Crustless chicken pot pie made in a skillet! Instead of pastry, serve this skillet of chicken pot pie filling over buttered toast for a yummy easy dinner, all made in just 30 minutes!
Crustless chicken pot pie
Crustless chicken pot pie is for people who love the inside of chicken pot pie, but absolutely cannot be bothered to use a crust. Either you don't want to buy pie crust and roll it out, you don't want to make crust from scratch, or it was omitted from your grocery order and you have all the ingredients to make chicken pot pie, except the crust! I'm definitely speaking from experience here!
I feel like I have a good relationship going with my grocery shopper, but how were they to know that all of the ingredients for chicken pot pie in my cart should be put back once you realized store-bought pie crust was out of stock? I don't blame them one bit, because I still made a yummy dinner!

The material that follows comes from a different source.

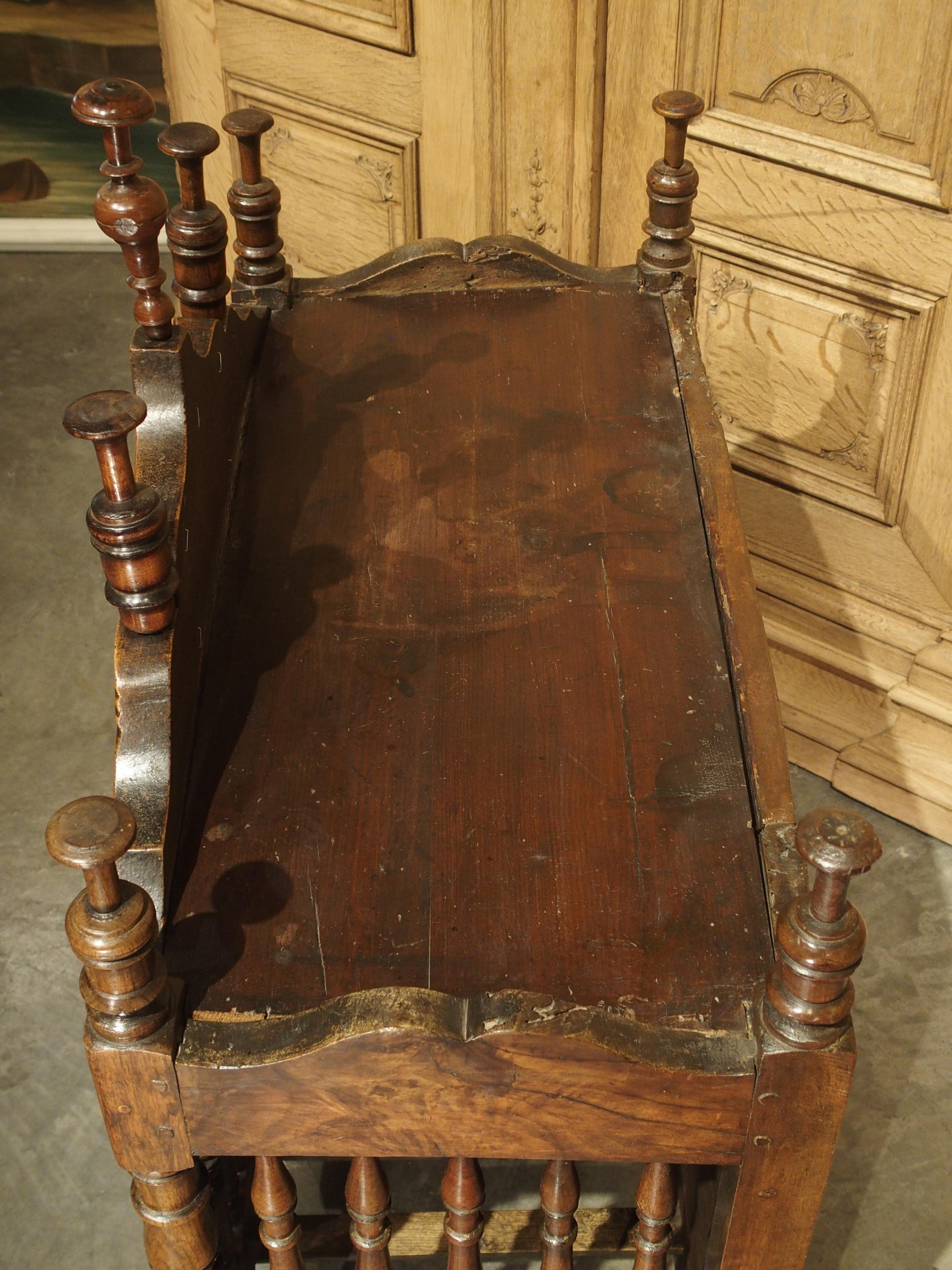 18th Century Carved Walnut Wood Panetiere from Provence, France For Sale 13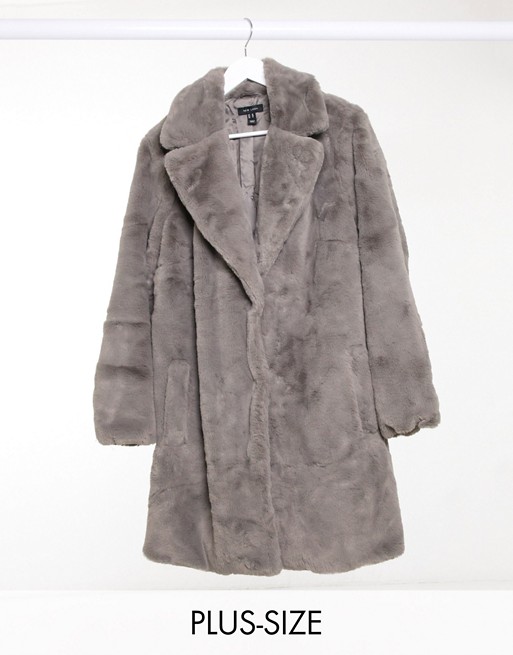 New Look Curve faux fur jacket in grey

Serving this crustless chicken pot pie over buttery toast was the best decision! My kids thought it was fun to dunk the toast, and since they both love bread, it helped them eat more of their dinner. This is a fun way to stretch my chicken pot pie for two into a meal for my family of 4.
Chicken pot pie filling ingredients:
- chicken tenders
- frozen peas: You need ¼ cup frozen, OR, you can absolutely use ¾ cup of frozen mixed vegetables instead of carrot, peas, and corn individually. You might have some leftover from my shepherds pie for two.
- frozen corn
- dried thyme leaves
- heavy cream
- 2 slices thick bread: I like thick Texas toast smeared with butter and placed in the toaster oven until fragrant for this recipe. Use your favorite bread, and be generous with the butter! You need to make my strawberry cheesecake toast for dessert with the leftover bread!
How to make crustless chicken pot pie:
- To a 10" skillet, add half of the butter and melt over medium low heat. Add the chopped chicken tenders, and cook until golden brown on both sides, about 4 minutes on each side.
- Remove the chicken from the pan, and then add the remaining half of the butter, followed by the onions and carrots. Let these saute and start to soften over medium heat for about 5 minutes, stirring occasionally.
- Next, add the frozen corn, peas, and thyme leaves, stirring everything together. Sprinkle the flour evenly over the skillet, stir it and let it cook for 1 minute.
- Once the flour has cooked for a minute, add the cream and stir very well to bring up any delicious brown bits in the skillet. Then, add the milk, salt and pepper. Let it simmer until it thickens, about 1-2 minutes. Taste, and adjust it for extra seasoning, if needed.
- While everything comes together and thickens, spread butter generously on your toast slices, and serve this crustless chicken pot pie filling over the buttered toast.
I promise your whole family will loves this recipe! It uses ½ a pound of chicken tenders to serve 2-3 people, but you can double the recipe to make it serve more people and use a whole pound of chicken tenders.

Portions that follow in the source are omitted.